◆ **To do**
Repeat only the lines below from the one that contains "CHRISTIAN DIOR, a" through the final line, exactly. Omit pictures.

◆ **Recorded information**
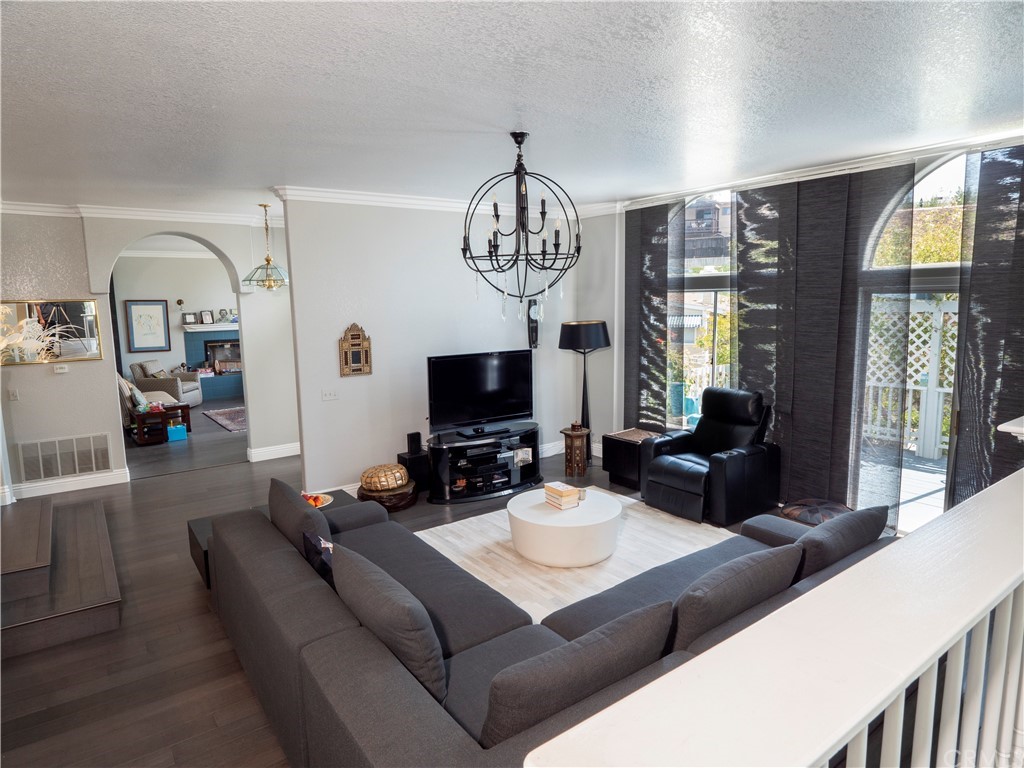 33881 Orilla Road Dana Point, CA 92629 - Photo 22 of 37 a living room with furniture a chandelier and a flat screen tv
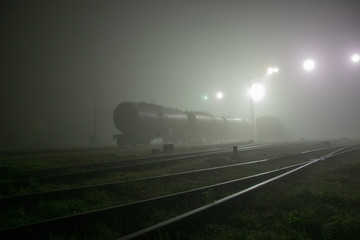 Gloomy railway in the fog, mist
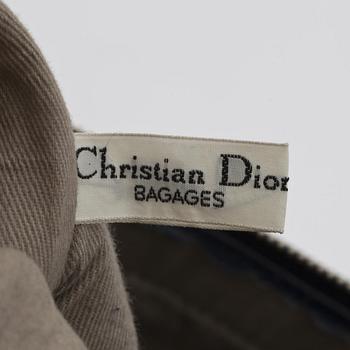 CHRISTIAN DIOR, a blue monogrammed canvas handbag.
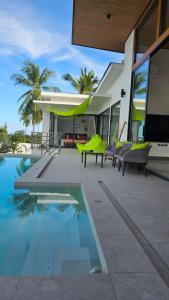 a house with a swimming pool next to a house at Villa Mona in Nathon Bay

◆ **Written answer**
 CHRISTIAN DIOR, a blue monogrammed canvas handbag.
 a house with a swimming pool next to a house at Villa Mona in Nathon Bay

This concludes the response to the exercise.